## [DATASET EXCERPT]
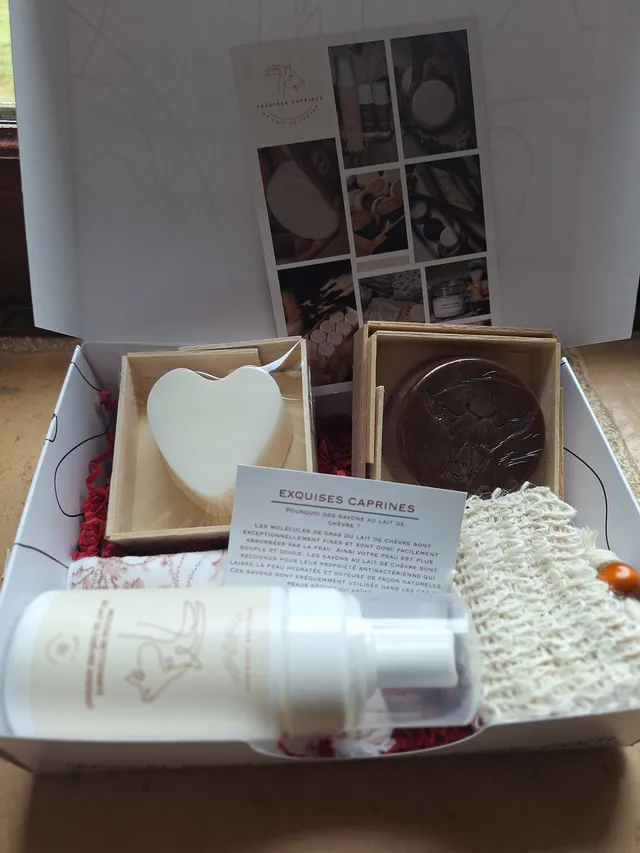 Exquises Caprines Qui MOUSSE coffret lait de chèvre découverte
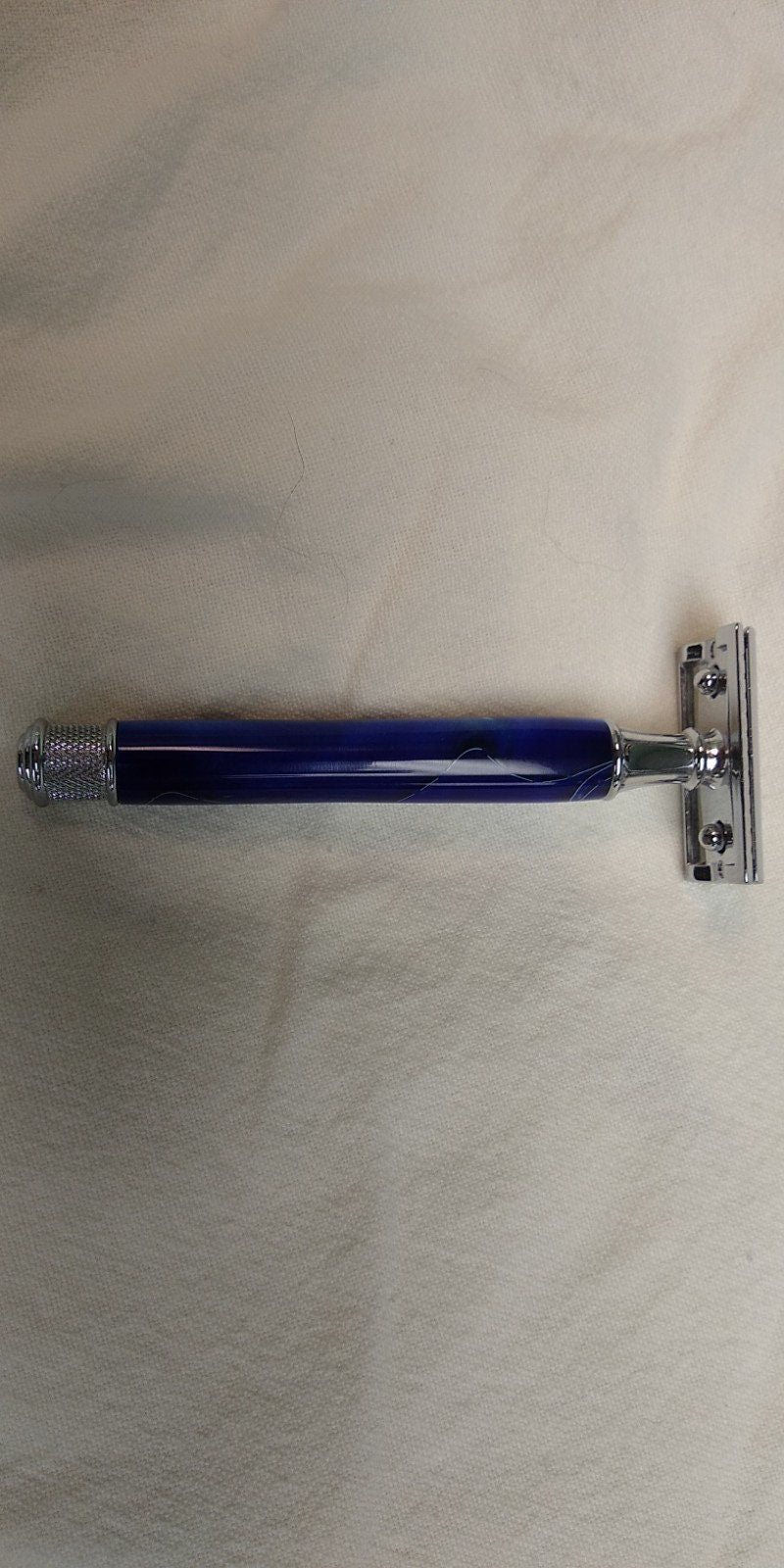 Knurled double edge safety razor made from unique blue acrylic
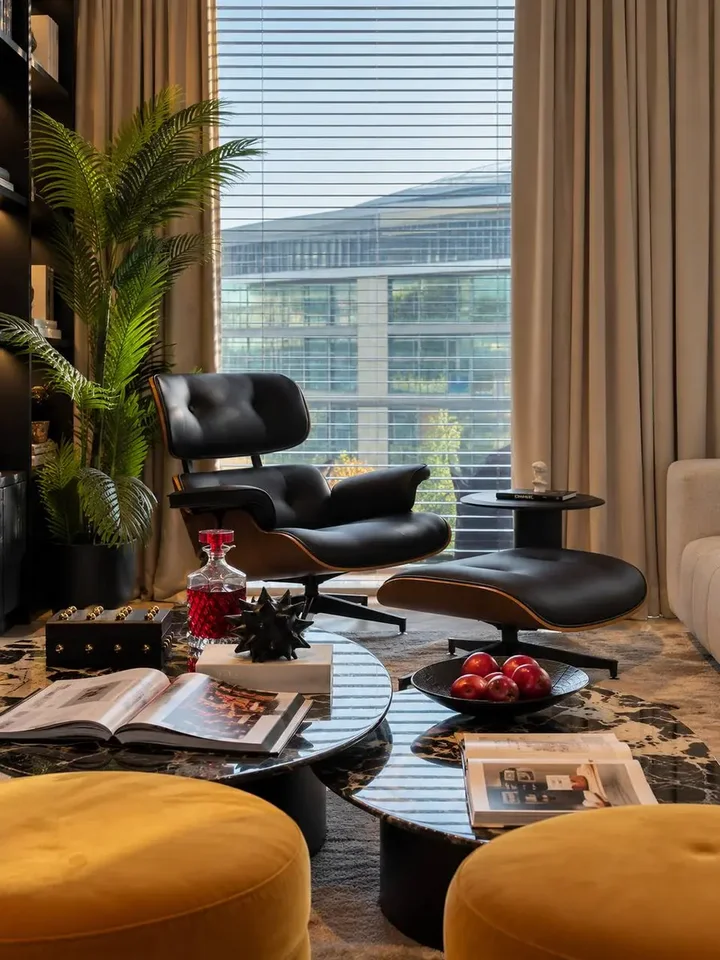 Fotel Lounge z Podnóżkiem widoczny z boku. Detal wykończenia od Primavera Home.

## [WORK TO BE COMPLETED]
Leaving the pictures out, give back each line above exactly.

## [EXERCISE ANSWER]
 Exquises Caprines Qui MOUSSE coffret lait de chèvre découverte
 Knurled double edge safety razor made from unique blue acrylic
 Fotel Lounge z Podnóżkiem widoczny z boku. Detal wykończenia od Primavera Home.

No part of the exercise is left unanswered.